Understanding the 5 Things You Should Know About 401k Withdrawal Rules:
Below are the top 5 things you should know about 401k withdrawal rules. Make sure you also have regular conversations with your plan administrator and tax advisor, so you know that you are sticking to all the rules.
1. You must start taking the required minimum distributions (RMDs) once you turn 70 1/2, or at least by April 1 of the following year. After that initial withdrawal, you must take your next RMD by December 31 of that same year. So, if you were to turn 70 1/2 in March of 2017, you could defer your first RMD to April 1, 2018, and your second to December 31, 2018. This means that, if you do defer to April 1, you may have to take two payments in a single year.
2. Working out your 401k withdrawals is a matter of life or death, sort of... In order to find out how high your RMD will be in a certain year, you have to divide whatever is left in your account after the day of your last payment by the life expectancy for someone of your demographic background. That may seem pretty arbitrary, but the IRS does publish a full table on its website that allows you to work out exactly what your life expectancy is.
3. Your RMD may be, and likely will be, classed as taxable income.
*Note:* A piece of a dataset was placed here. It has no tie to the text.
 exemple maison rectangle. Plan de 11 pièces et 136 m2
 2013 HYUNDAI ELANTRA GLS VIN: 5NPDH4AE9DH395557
This should have been explained to you when you first opened the account. However, a quick reminder is that, in case of a 401k, you did not pay any taxes on the money that you contributed into your 401k. However, when you withdraw from this money, you will have to start paying taxes. If you have a Roth 401k, you may have qualified distributions that won't be taxed. However, the IRS says that you should speak to your administrator and tax advisor.
4. If you do not take your annual RMD, it will cost you a great deal of money. In fact, the amount that isn't distributed will be taxed at 50%.
5. If you make an RMD mistake, you can fix it. You can have the 50% tax waived by filling in Form 5329 and writing a letter explaining that a "reasonable error" was made, and that you have taken "reasonable steps" to fix it.
The above are the five key things to know about the rules for withdrawing from a 401k. These are complex, not in the least because of the tax issue. However, the IRS is there to help you if you have questions.